Your goal:
Take the entries below and print, exactly, the stretch from the line containing "Full front view" through the line containing "bovenaanzicht van de", both included.

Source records
########
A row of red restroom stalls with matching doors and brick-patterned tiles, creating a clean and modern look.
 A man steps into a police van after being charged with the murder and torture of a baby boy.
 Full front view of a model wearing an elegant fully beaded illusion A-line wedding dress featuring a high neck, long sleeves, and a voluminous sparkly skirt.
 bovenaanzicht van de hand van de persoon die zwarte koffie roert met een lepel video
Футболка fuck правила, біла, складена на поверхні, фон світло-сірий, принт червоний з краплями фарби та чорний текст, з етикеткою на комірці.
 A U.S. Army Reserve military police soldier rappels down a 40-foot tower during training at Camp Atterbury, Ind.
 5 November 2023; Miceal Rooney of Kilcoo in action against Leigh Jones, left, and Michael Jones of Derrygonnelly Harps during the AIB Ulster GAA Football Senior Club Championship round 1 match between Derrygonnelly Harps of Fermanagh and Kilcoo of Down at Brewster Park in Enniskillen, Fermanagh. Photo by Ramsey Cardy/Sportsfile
########
Task response:
 Full front view of a model wearing an elegant fully beaded illusion A-line wedding dress featuring a high neck, long sleeves, and a voluminous sparkly skirt.
 bovenaanzicht van de hand van de persoon die zwarte koffie roert met een lepel video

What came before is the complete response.